Nothing was close to normal during the war. Had it been, the Browns never would have won their only pennant in 1944, displacing the depleted Yankees with a “collection of misfits, 4Fs, brawlers and drunks,” as they were described in
The Boys Who Were Left Behind
, by John Heidenry and Brett Topel. Still, Boston managed to stay in the pennant race until Labor Day, even after military enlistment took catcher Hal Wagner and Doerr, who’d been leading the league in batting in late August, and Hughson, who’d won 18 games.

Their departures, plus a killer schedule that put the Sox on the road for their final 17 games, finished them off, as the front office didn’t bother taking World Series requests. The club lost 10 in a row and finished in fourth place, a dozen games astern. “Maybe it’s just as well,” mused a
Globe
editorial, “because local fans are so badly out of practice they wouldn’t know what to do with a championship.”

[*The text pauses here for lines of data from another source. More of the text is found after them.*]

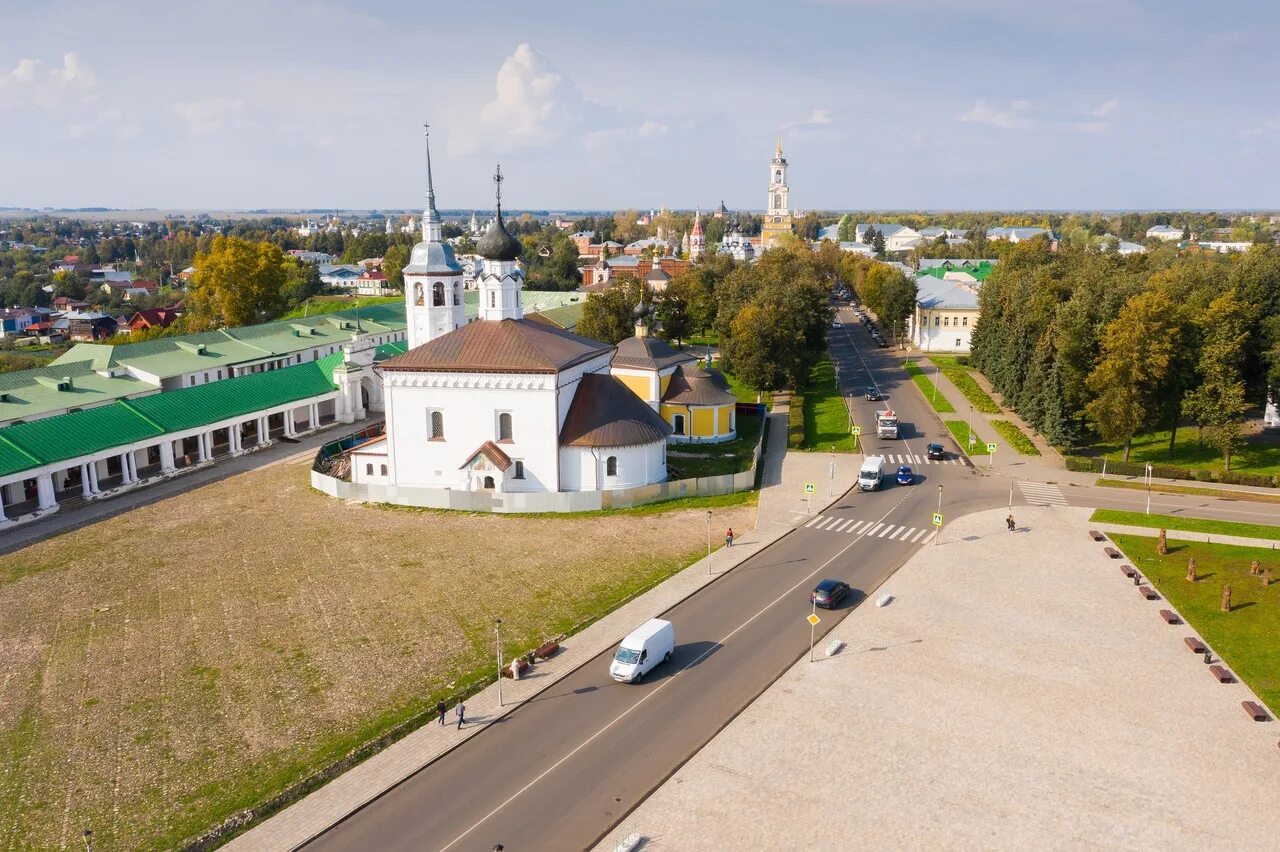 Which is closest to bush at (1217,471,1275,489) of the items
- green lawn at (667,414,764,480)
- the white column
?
green lawn at (667,414,764,480)

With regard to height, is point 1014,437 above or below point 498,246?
below

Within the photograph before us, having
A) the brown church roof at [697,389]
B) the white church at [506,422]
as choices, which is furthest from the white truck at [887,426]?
the white church at [506,422]

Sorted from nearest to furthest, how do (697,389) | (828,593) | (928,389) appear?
(828,593) → (697,389) → (928,389)

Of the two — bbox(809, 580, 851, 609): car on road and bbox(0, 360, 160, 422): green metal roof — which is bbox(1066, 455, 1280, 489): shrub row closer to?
bbox(809, 580, 851, 609): car on road

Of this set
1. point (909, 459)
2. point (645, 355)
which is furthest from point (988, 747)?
point (645, 355)

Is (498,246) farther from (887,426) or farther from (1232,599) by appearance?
(1232,599)

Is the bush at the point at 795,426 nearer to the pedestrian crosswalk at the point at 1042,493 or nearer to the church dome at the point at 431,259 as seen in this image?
the pedestrian crosswalk at the point at 1042,493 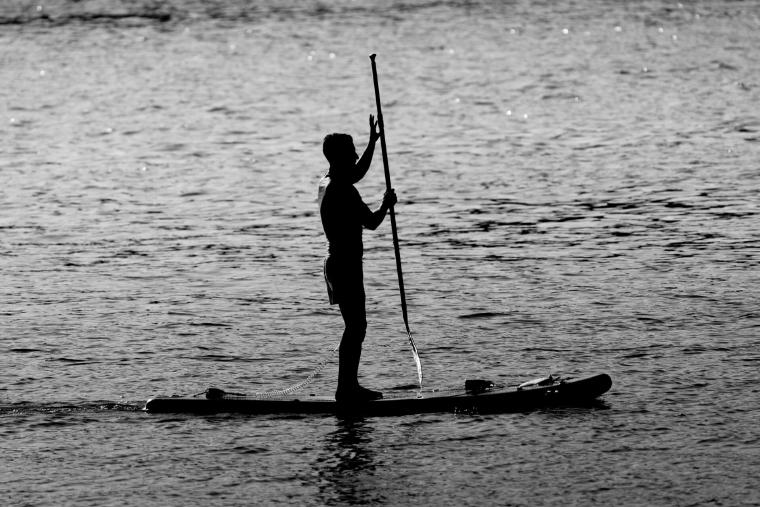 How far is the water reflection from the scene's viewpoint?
871cm

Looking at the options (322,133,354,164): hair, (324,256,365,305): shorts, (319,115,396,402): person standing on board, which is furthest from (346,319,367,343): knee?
(322,133,354,164): hair

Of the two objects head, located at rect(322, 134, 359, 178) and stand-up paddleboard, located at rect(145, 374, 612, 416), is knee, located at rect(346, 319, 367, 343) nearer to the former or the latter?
stand-up paddleboard, located at rect(145, 374, 612, 416)

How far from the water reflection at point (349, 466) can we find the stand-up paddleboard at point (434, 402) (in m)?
0.23

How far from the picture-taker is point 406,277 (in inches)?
603

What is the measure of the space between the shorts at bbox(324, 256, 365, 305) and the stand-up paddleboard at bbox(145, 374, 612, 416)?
0.72m

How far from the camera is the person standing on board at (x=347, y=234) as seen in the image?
10.3 meters

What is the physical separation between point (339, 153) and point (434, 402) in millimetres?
1772

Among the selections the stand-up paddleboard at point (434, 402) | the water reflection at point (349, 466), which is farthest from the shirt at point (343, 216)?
the water reflection at point (349, 466)

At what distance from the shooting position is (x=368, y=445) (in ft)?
31.8

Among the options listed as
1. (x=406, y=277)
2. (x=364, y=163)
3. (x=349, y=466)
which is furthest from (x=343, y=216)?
(x=406, y=277)

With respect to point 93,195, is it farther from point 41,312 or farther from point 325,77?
point 325,77

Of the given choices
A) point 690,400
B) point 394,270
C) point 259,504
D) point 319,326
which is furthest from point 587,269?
point 259,504

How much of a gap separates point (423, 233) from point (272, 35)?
29330 mm

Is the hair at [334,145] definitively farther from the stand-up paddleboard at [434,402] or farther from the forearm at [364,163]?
the stand-up paddleboard at [434,402] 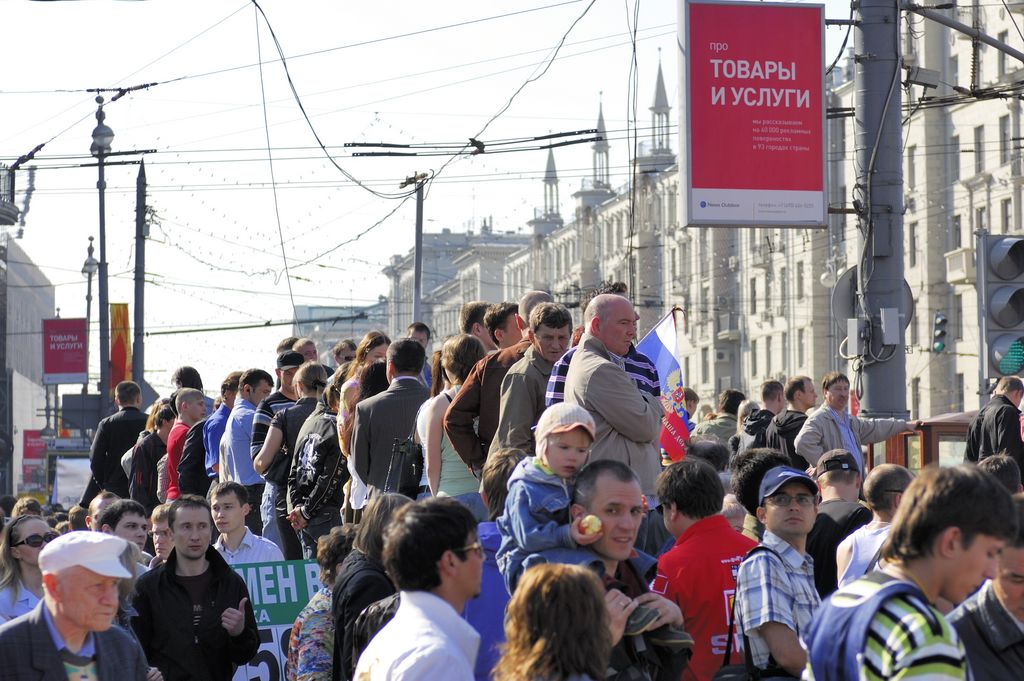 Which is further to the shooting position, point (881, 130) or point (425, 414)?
point (881, 130)

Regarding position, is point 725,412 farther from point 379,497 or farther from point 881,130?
point 379,497

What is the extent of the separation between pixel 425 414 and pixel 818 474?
7.56ft

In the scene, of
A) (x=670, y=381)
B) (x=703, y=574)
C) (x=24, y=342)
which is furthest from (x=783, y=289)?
(x=703, y=574)

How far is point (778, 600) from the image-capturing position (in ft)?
19.3

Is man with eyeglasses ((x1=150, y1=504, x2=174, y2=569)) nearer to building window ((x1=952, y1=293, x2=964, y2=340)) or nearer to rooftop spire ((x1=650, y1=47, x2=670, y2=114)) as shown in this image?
building window ((x1=952, y1=293, x2=964, y2=340))

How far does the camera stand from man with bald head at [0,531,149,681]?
5.38 meters

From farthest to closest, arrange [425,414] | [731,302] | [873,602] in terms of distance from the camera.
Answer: [731,302], [425,414], [873,602]

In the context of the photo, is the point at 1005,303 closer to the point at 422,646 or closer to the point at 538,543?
the point at 538,543

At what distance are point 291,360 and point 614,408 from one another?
508cm

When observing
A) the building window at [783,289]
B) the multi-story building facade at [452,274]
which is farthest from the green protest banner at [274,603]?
the multi-story building facade at [452,274]

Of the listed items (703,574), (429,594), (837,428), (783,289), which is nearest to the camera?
(429,594)

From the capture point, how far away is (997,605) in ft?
15.1

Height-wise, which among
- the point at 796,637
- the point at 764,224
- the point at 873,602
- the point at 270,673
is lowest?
Result: the point at 270,673

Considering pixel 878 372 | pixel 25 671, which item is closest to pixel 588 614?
pixel 25 671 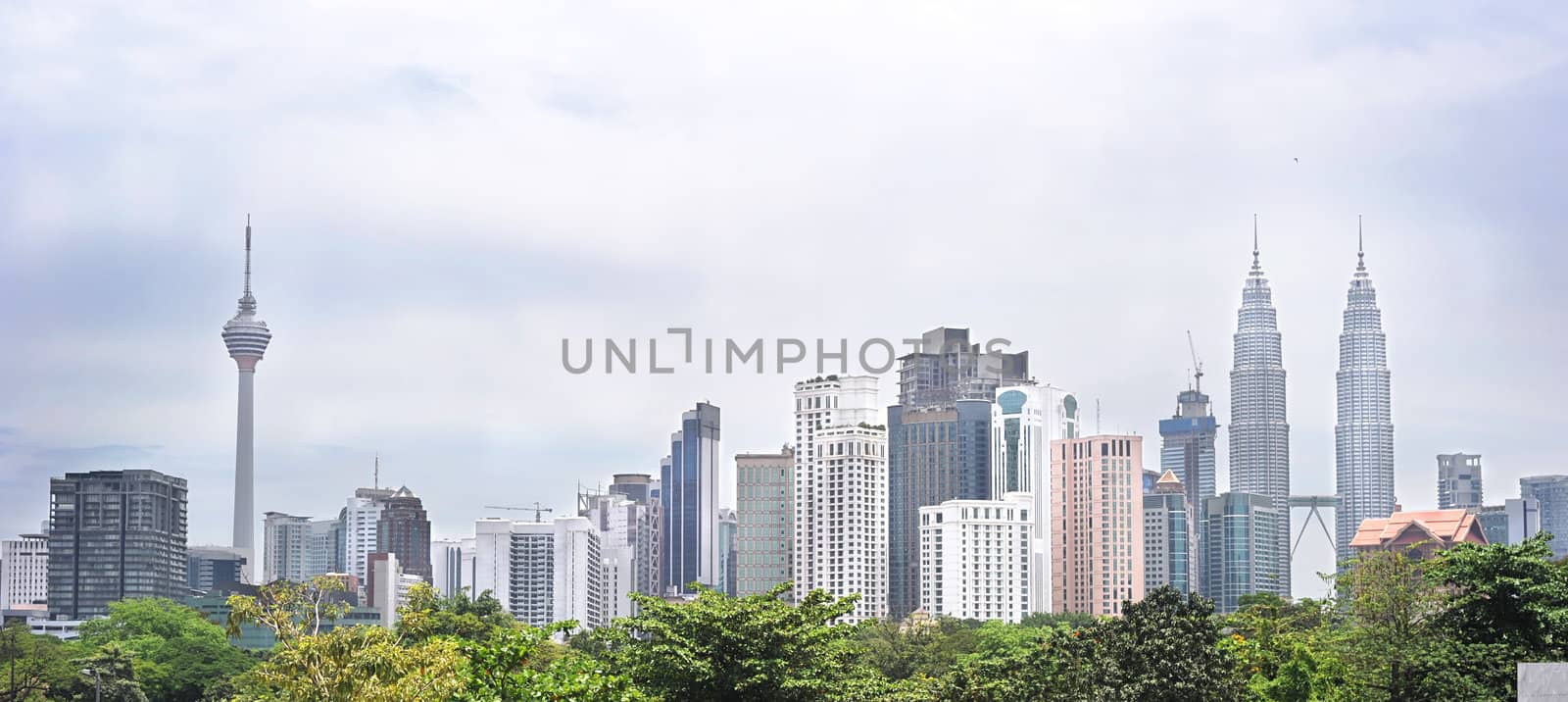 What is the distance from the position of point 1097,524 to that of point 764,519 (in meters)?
33.4

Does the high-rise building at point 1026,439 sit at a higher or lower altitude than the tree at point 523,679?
higher

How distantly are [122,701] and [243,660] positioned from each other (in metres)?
12.8

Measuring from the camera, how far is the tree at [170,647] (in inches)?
2923

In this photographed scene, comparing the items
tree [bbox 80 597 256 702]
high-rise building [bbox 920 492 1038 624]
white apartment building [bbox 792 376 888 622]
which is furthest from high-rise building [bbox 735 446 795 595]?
tree [bbox 80 597 256 702]

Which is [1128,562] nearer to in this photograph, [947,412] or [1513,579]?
[947,412]

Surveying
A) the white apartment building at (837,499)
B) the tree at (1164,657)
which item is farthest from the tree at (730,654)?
the white apartment building at (837,499)

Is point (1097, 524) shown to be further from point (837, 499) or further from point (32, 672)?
point (32, 672)

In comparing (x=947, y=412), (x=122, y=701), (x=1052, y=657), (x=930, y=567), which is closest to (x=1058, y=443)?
(x=947, y=412)

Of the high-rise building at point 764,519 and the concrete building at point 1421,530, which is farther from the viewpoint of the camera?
the high-rise building at point 764,519

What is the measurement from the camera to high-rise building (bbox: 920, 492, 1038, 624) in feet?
507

By 1945, Uncle Sam had spirited away virtually all of the former regulars and the Sox were happy to consider anyone who might be capable of playing 154 games without tripping over himself. So the day before the season opener in New York, the club ran a Fenway tryout for three black players—Jackie Robinson, Sam Jethroe, and Marvin Williams—who were performing in the Negro League. Roxbury city councilor Isadore Muchnick had badgered the club to break baseball’s color line and the players suspected that the workout was perfunctory. Though scout Hugh Duffy proclaimed them “pretty good ballplayers,” the front office didn’t sign them. “Not for one minute did we believe the Boston tryout was sincere,” Robinson would remark. “We were going through the motions.”